All of which means that even in the 21st century, identifying good varieties to grow remains a time-consuming but critically important part of a farmer’s job.  It’s also one of the most frustrating and rewarding: spending hours of reading, hounding seed salesmen for objective information, and then of course evaluating the crops once they are planted.  For every good new variety, there are several clunkers.  But unlike 100 years ago, keeping secrets is counterproductive — if only a few growers are buying a certain variety, the seed companies will discontinue it.  I try to share as much information as possible with others about the best varieties I find.

Every once in a while, though, I simply stumble upon something great.  That’s how I found the watermelon that is in all your boxes today.  While we primarily grow seedless watermelon, we still have to plant what’s called a “Pollinator” — a seeded watermelon to cross pollinate with the seedless variety.  The melons must be visually distinct from the seedless variety so the harvesters can tell them apart.  Generally you plant about 15% of the field with pollinators.

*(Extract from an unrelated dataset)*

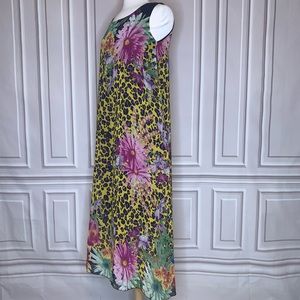 One size.Hi-lo Maxi Dress leopard floral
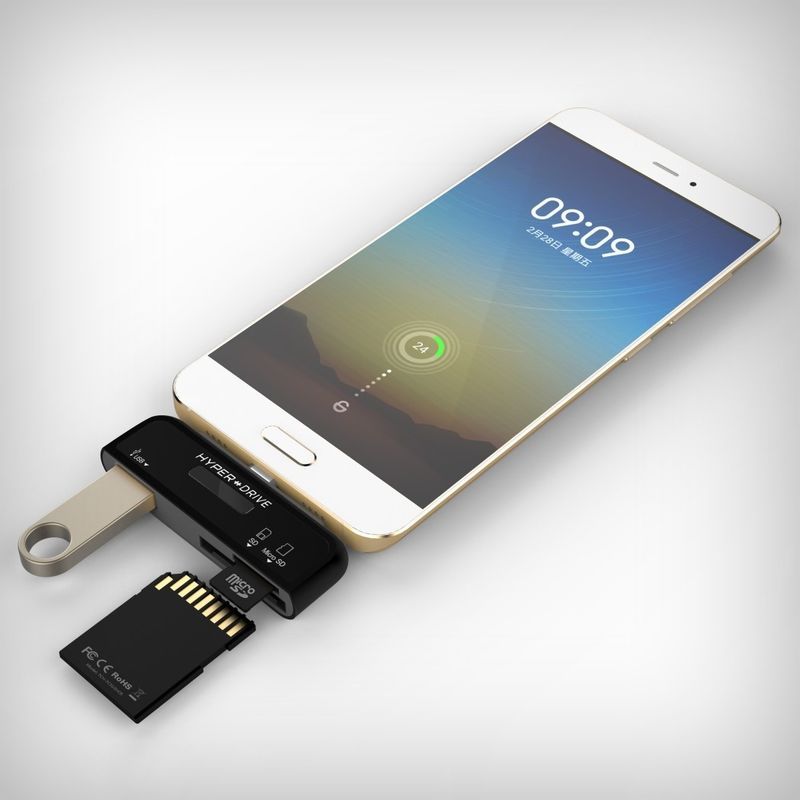 Smartphone Media Card Drives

On bigger farms, they don’t even harvest the pollinators, and certainly don’t care much about how they taste.  But on our farm we have always try to grow a seeded variety that we can harvest and put in your boxes.  For many years, this was a yellow watermelon but that ended up being discontinued by the seed company.  Last year we grew a red seeded watermelon, but it was too big for your boxes and wasn’t that tasty.  But the nail in the coffin was that it did a poor job of pollinating the seedless melons — its primary job, after all.

Going into 2021, I hadn’t found a good replacement but I wanted at least to ensure we had a good crop of seedless melons.  The nursery that grows our plants recommended a pollinator called Edom Mountain.  I knew nothing about it other than the fact that it was the right size.  We harvested the first of the new melons on Friday, and I knew right away that it was the rare “double-winner”:  tastes great and produces incredibly well.  And while it does have seeds, they are quite tiny and relatively few — about as close to seedless as a seeded melon can get.

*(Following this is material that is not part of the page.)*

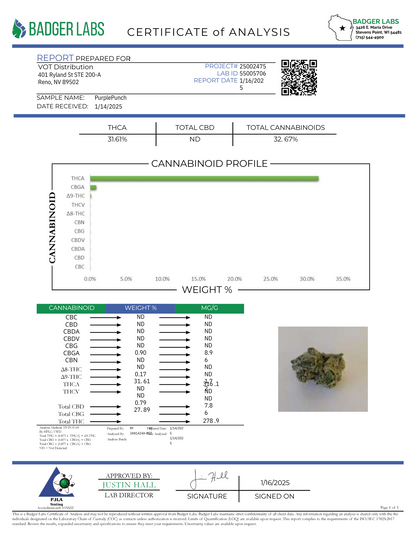 Purple Punch – Bulk THCa Flower | Tier 1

The new watermelon may have passed the hardest test of all.  My in-laws Jose and Laura were visiting from Texas last week for the first time in two years when I brought the first watermelon I had harvested into the house for a taste test.  A big watermelon fan, Jose was excited to try it but told me with resignation “Laura won’t touch it.  She hates watermelon.  Always has. Don’t take it personally.”

I went back out to the field, and when I came home later, I found out that Edom Mountain had converted a long-time watermelon hater into a fan.  If you’re already a fan, then you will love this watermelon.  And even if you’re not, you might want to try it.